━━ Exercise inputs
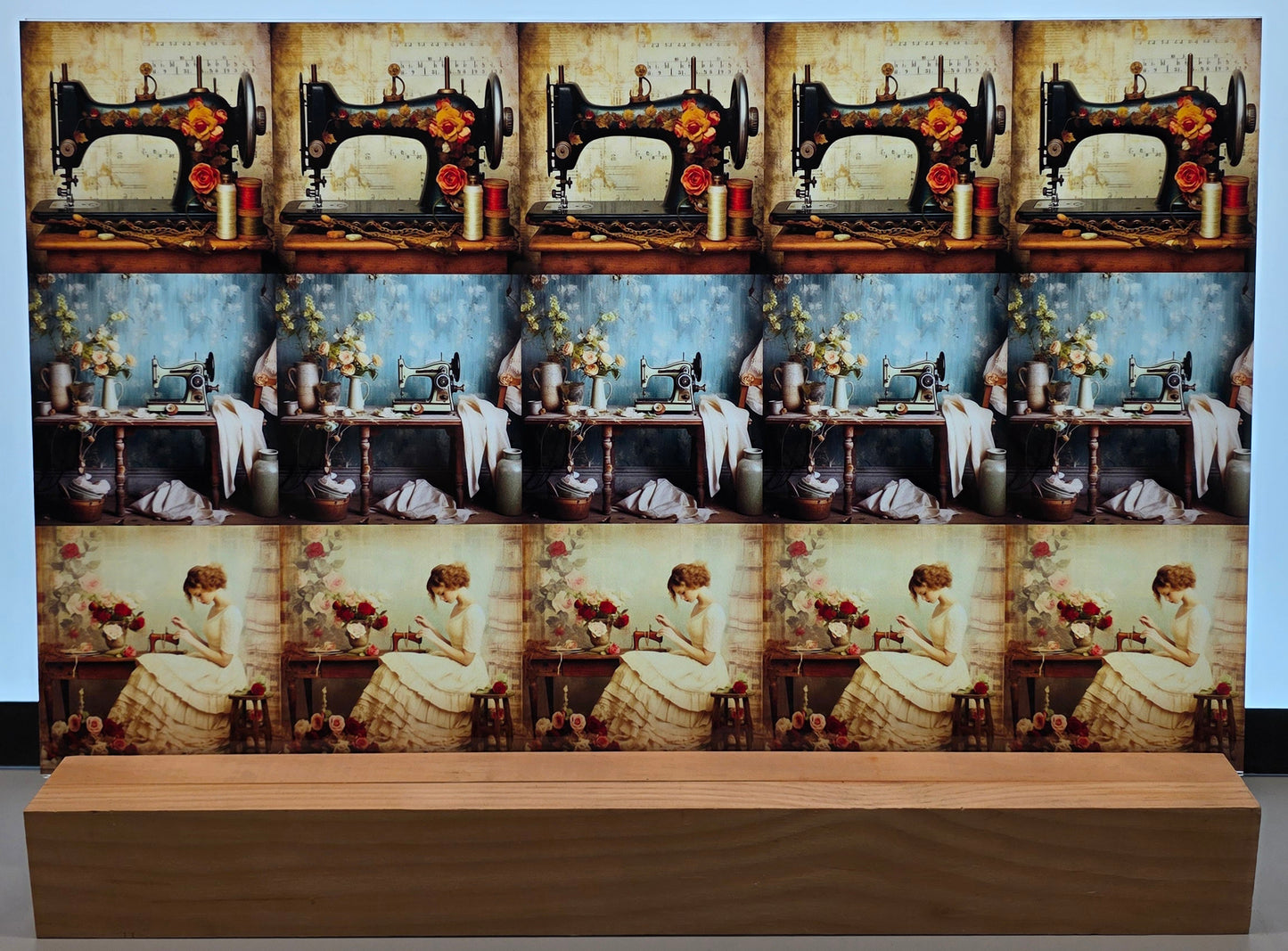 DecoCraft - Scenic Tiles Series - Timeless Threads - Vintage Sewing Trio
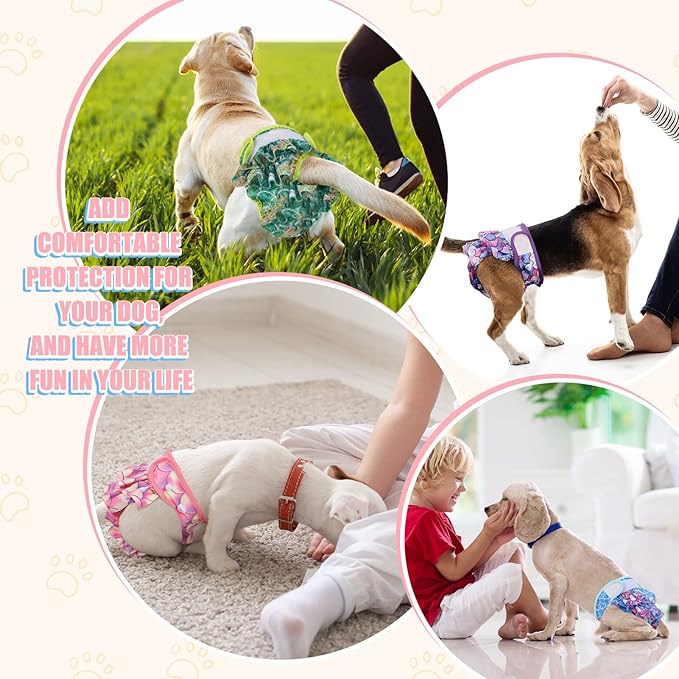 4 Pack Dog Diapers Female Washable Dog Diapers Reusable Puppy Diapers Highly Absorbent Comfortable Doggy Diapers for Dogs in Heat or Excitable Urination (XS, Mermaid)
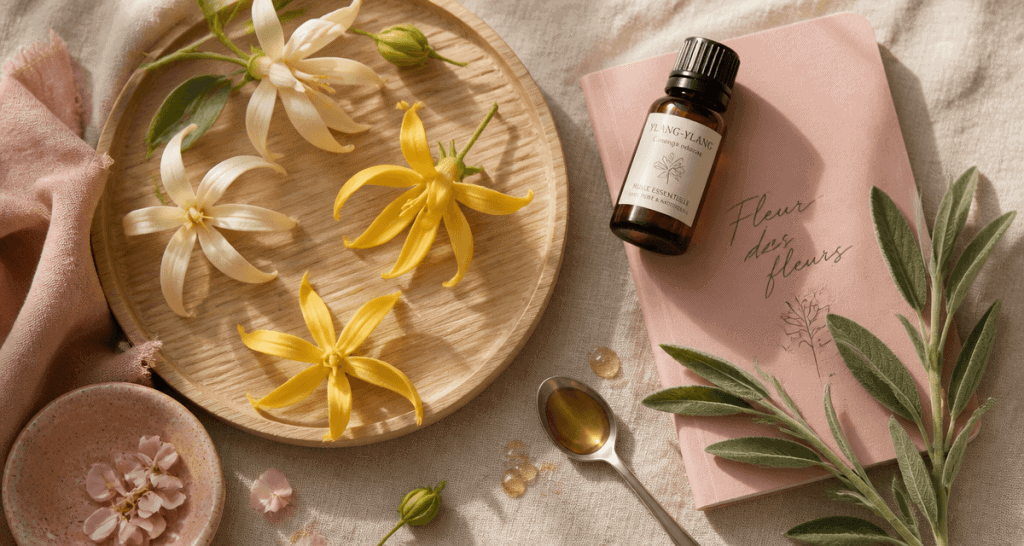 huile essentielle ylang ylang bienfaits plateau fleurs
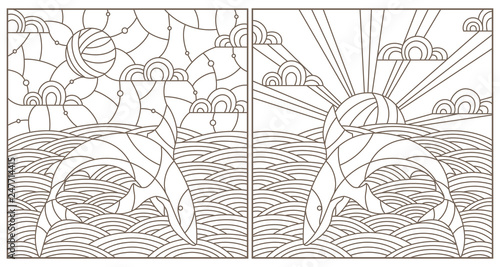 Set contour illustrations with sharks  on the waves and the sky , the dark outline on a white background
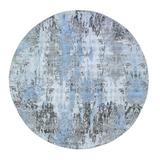 Shahbanu Rugs Baby Blue Wool with Real Silk Abstract Design Denser Weave Hi-Low Pile Hand Knotted Round Oriental Rug (8'1"x8'1")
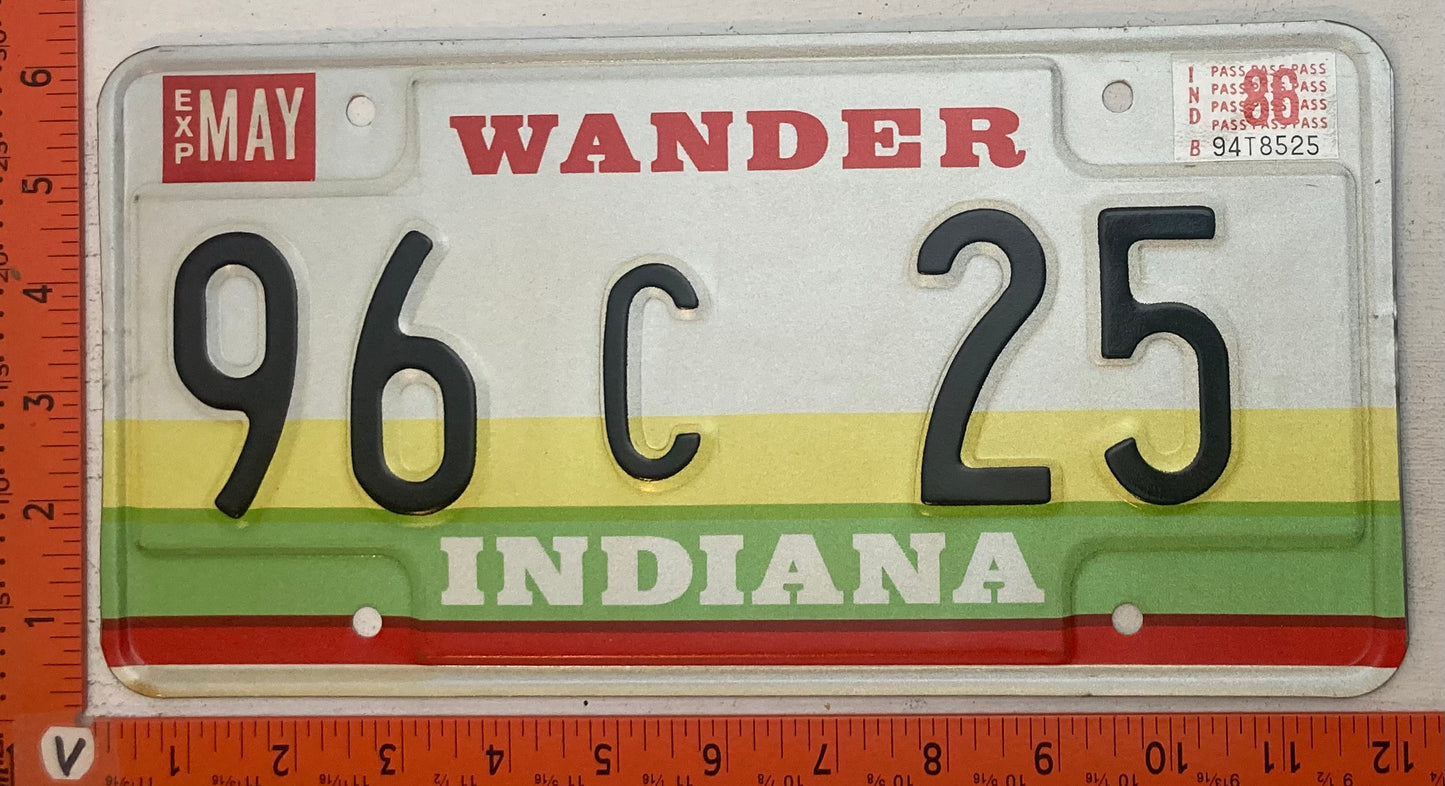 1986 Indiana #96C 25 Passenger License Plate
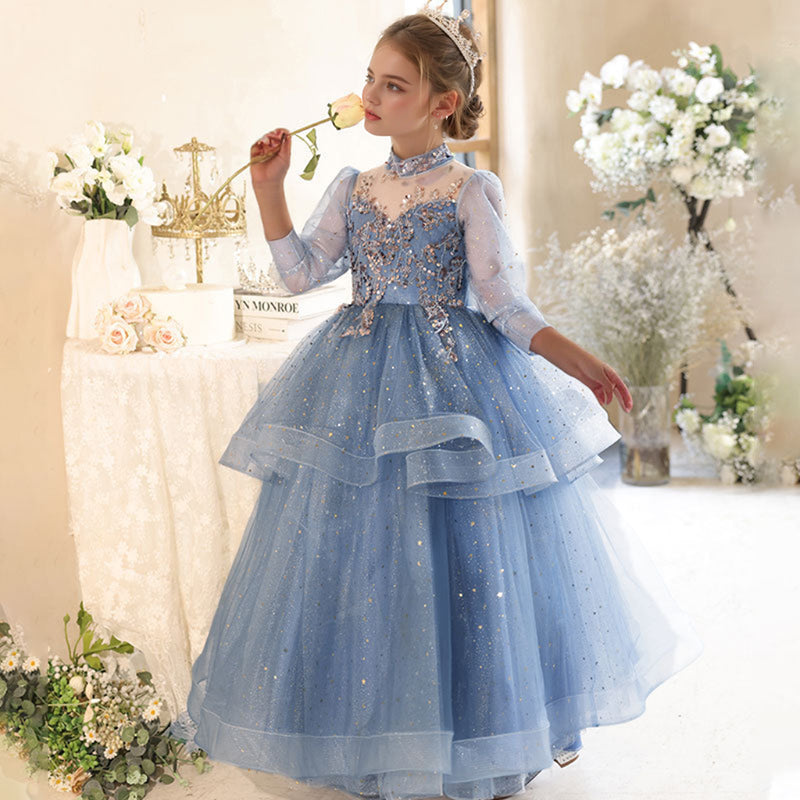 Robe de Soirée à Manches Longues, Coupe Trapèze/Princesse, Col Haut, avec Appliques en Strass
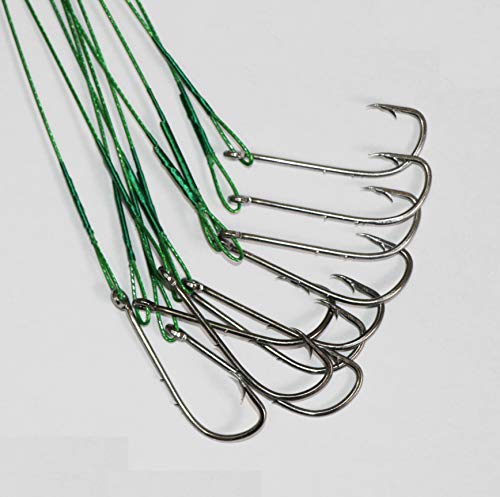 20pcs Wire Leader Hook Rigs Baitholder Fishing Hook Nylon Coated Fishing Wire Leader with Swivel - color: 10inch green, size: 3#-20pcs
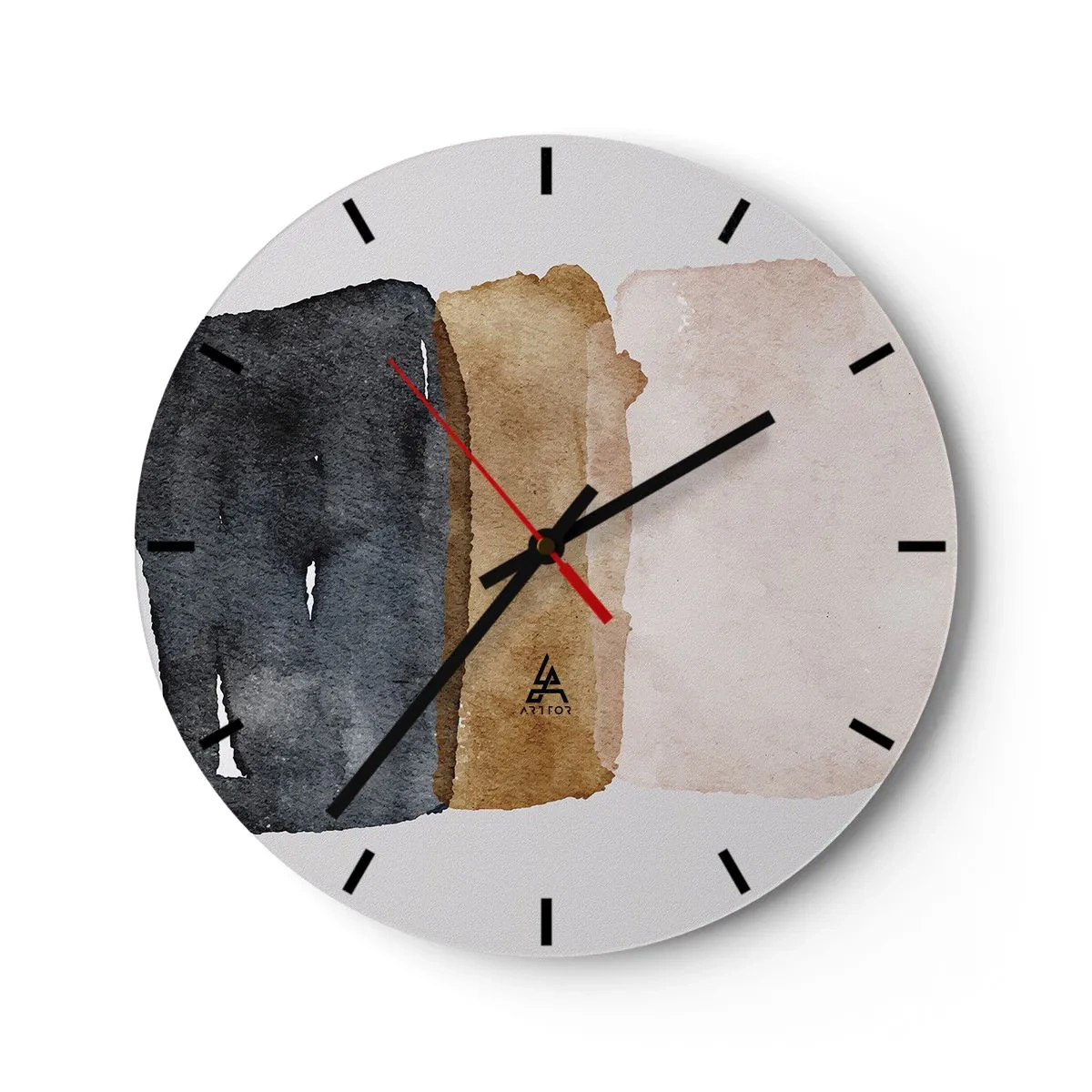 Reloj de pared - Reloj de vidrio - Tres rayas de acuarela en tonos negro, marrón y beige. - 30x30cm - Una composición de colores tierra - Decoración de pared moderna para salón, cocina y dormitorio ARTTOR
━━━━
## Problem statement
Restate the material above exactly. Exclude all pictures.

## Exercise solution
 DecoCraft - Scenic Tiles Series - Timeless Threads - Vintage Sewing Trio
 4 Pack Dog Diapers Female Washable Dog Diapers Reusable Puppy Diapers Highly Absorbent Comfortable Doggy Diapers for Dogs in Heat or Excitable Urination (XS, Mermaid)
 huile essentielle ylang ylang bienfaits plateau fleurs
 Set contour illustrations with sharks  on the waves and the sky , the dark outline on a white background
 Shahbanu Rugs Baby Blue Wool with Real Silk Abstract Design Denser Weave Hi-Low Pile Hand Knotted Round Oriental Rug (8'1"x8'1")
 1986 Indiana #96C 25 Passenger License Plate
 Robe de Soirée à Manches Longues, Coupe Trapèze/Princesse, Col Haut, avec Appliques en Strass
 20pcs Wire Leader Hook Rigs Baitholder Fishing Hook Nylon Coated Fishing Wire Leader with Swivel - color: 10inch green, size: 3#-20pcs
 Reloj de pared - Reloj de vidrio - Tres rayas de acuarela en tonos negro, marrón y beige. - 30x30cm - Una composición de colores tierra - Decoración de pared moderna para salón, cocina y dormitorio ARTTOR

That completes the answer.